« Question toilettes sèches, Antoine Percier se considérait à juste titre comme un expert ». Normal, il avait l’engagement écologique chevillé au corps. Son chauffe-eau solaire, fabriqué avec des fûts réformés qui distillait au compte-gouttes de l’eau rouillée tiède ou froide, en témoignait. Dommage quand même qu’il n’ait pas eu plus souvent le courage de vider sa tinette dans le compost. Antoine n’était pas gâté par la vie, des dents pourries, une moustache roussâtre qui le faisait davantage ressembler à un rat qu’à un dictateur. Un parcours professionnel parsemé d’échecs, cariste dans une cimenterie, abonné au chômage, faucheur volontaire de maïs OGM pour le plus grand bonheur des porteurs de matraques. Heureusement il allait se refaire. Antoine était sur un coup de plusieurs millions d’euros pour oublier son RSA de miséreux. Pas un casse, un super coup que son pote Canard lui avait amené. Un coup sans violence au succès garanti que Canard avait dégoté dans la maison de santé où il bossait. Un établissement accueillant de joyeux dingos dont Julien Dastry, frère jumeau de Thibault Dastry manager de l’année et patron du CAC 40. Pas un méchant Julien, Canard disait de lui qu’il lui manquait un petit quart d’heure de cuisson. Alors quicéqui qu’allaient se pointer à la banque de Genève en compagnie du demeuré, sapé comme son manager de frère pour mieux encore lui ressembler, et vider le compte du richard de la famille ?
Fini l’assistanat
Seule difficulté encore non résolue : il fallait être trois. Or Canard, le cuistot au physique de lémurien, ancien des hôpitaux psychiatriques côté client, était dubitatif sur les capacités de Jean-Jacques, une connaissance qu’Antoine avait garantie. Même qu’il était de gôche. Son passé plaidait pour lui. Le Jean-Jacques avait animé des stages « Apiculture et méditation » travesti en shaman. Ce qui lui avait au moins permis de séduire quelques participantes et de vanter les avantages de son dard. Après avoir fait son miel de la jeune Mélanie qu’il butinait à foison, le quinqua se retrouva fort dépourvu quand sa compagne danoise Birgit le vira. Elles sont comme ça les Vikings. Égoïstes, rancunières, indifférentes au malheur des autres. Sous le fallacieux prétexte qu’elle avait tout payé depuis qu’ils vivaient ensemble, et que Jean-Jacques clamait partout qu’il allait repeupler le pays avec sa jeune maîtresse. Terminé de se les rouler. Dehors le vieux libidineux. Fini l’assistanat. Bonjour le moment où il fallait traverser la rue pour trouver du turbin. Le Nord de l’Europe ne voulait plus payer pour le Sud. Pire qu’un ministre des Finances teuton devant un dirigeant grec. Jean-Jacques chopa le bourdon, il perdit sa maîtresse en plus de sa banquière, et il dut s’investir dans le projet de ses comparses. Il était des trois celui qui s’exprimait le mieux. Le seul qui pouvait faire illusion. Autant dire que tout s’annonçait pour le mieux.

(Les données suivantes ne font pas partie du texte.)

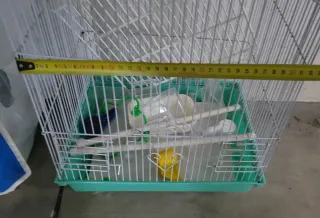 Gabbia per uccelli con sacco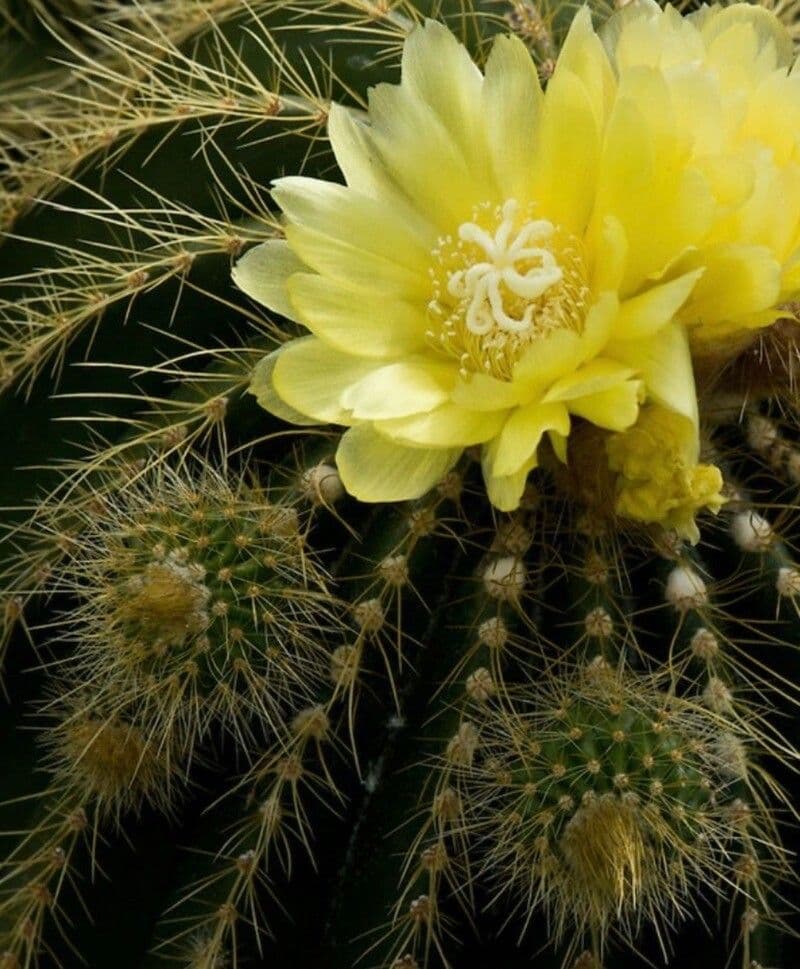 Parodia 5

Embarquez pour le monde foireux des Croquignol, Filochard et Ribouldingue des Cévennes
Je dois remonter à loin pour trouver un bouquin qui m’a fait autant rire. Et ce n’est pas une grosse poilade, une collection de quelques bonnes vannes qui disparaîtraient au fil des pages. Mon frère, ce zéro est très bien écrit avec un vocabulaire parfois précieux. Il s’inscrit dans la lignée des romans policiers parodiques, humoristiques, comme ceux de Lawrence Block et Donald Westlake, et plus récemment de Pascale Dietrich avec Les mafieuses ou Iain Levison dans Un voisin trop discret. Ce n’est pas un hasard, Colin Thibert est un auteur de romans policiers primé pour Royal cambouis, et à l’imagination foisonnante car il est également l’auteur de pièces de théâtre ou radiophoniques, et il fut dessinateur de presse. Né à Neuchâtel, d’où sans doute la présence de Genève dans le roman, il nous emmène dans une cavalcade derrière ses trois pieds nickelés. Alors embarquez dans le monde foireux des Croquignol, Filochard et Ribouldingue des Cévennes. Profitez du savoir d’un détective privé au sens moral très élastique, toujours en quête d’argent, et qui se croit agent secret parce qu’il a lu tout Gérard de Villiers. Moquez-vous de la déférence du représentant personnel du ministre de l’Intérieur auprès d’un patron milliardaire. Et plus généralement des personnages masculins du bouquin qui rivalisent de bêtise et de suffisance. Parce que c’est sûr, ici les femmes s’en sortent mieux, fussent-t-elles qualifiées de saute-au-paf et fantasmées comme porteuses de panties.